PROBLEM REQUIREMENTS: Reproduce exactly the line that includes "DeWalt 20V POWERSTACK" and all lines after it, ending with the last line of the data.

Segment Start: SUPPLIED DATA

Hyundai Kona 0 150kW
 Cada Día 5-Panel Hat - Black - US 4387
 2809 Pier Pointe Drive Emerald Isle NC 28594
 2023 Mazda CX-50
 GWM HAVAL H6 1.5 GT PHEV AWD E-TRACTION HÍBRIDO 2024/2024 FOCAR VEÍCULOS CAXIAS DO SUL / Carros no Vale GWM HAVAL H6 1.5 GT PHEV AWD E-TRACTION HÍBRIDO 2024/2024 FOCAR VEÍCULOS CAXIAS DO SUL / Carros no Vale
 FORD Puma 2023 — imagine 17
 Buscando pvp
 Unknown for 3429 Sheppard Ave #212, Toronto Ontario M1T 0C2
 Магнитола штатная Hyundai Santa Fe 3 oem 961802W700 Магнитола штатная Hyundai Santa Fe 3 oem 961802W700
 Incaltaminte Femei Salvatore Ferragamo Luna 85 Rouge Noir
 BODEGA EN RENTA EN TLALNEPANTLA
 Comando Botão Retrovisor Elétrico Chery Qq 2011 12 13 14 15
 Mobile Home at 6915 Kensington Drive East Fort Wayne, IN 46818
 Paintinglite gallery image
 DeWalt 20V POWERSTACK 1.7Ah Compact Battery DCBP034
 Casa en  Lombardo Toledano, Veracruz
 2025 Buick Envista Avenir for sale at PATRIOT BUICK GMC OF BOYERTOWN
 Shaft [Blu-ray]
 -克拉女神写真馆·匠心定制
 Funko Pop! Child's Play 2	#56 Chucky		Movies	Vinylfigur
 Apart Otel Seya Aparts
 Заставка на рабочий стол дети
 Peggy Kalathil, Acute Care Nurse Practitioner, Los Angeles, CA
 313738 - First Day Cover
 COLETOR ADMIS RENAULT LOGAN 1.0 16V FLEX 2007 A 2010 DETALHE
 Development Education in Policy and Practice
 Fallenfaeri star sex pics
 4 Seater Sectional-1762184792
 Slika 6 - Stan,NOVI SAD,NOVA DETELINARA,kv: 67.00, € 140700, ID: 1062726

Segment End: SUPPLIED DATA

EXPECTED OUTPUT:
 DeWalt 20V POWERSTACK 1.7Ah Compact Battery DCBP034
 Casa en  Lombardo Toledano, Veracruz
 2025 Buick Envista Avenir for sale at PATRIOT BUICK GMC OF BOYERTOWN
 Shaft [Blu-ray]
 -克拉女神写真馆·匠心定制
 Funko Pop! Child's Play 2	#56 Chucky		Movies	Vinylfigur
 Apart Otel Seya Aparts
 Заставка на рабочий стол дети
 Peggy Kalathil, Acute Care Nurse Practitioner, Los Angeles, CA
 313738 - First Day Cover
 COLETOR ADMIS RENAULT LOGAN 1.0 16V FLEX 2007 A 2010 DETALHE
 Development Education in Policy and Practice
 Fallenfaeri star sex pics
 4 Seater Sectional-1762184792
 Slika 6 - Stan,NOVI SAD,NOVA DETELINARA,kv: 67.00, € 140700, ID: 1062726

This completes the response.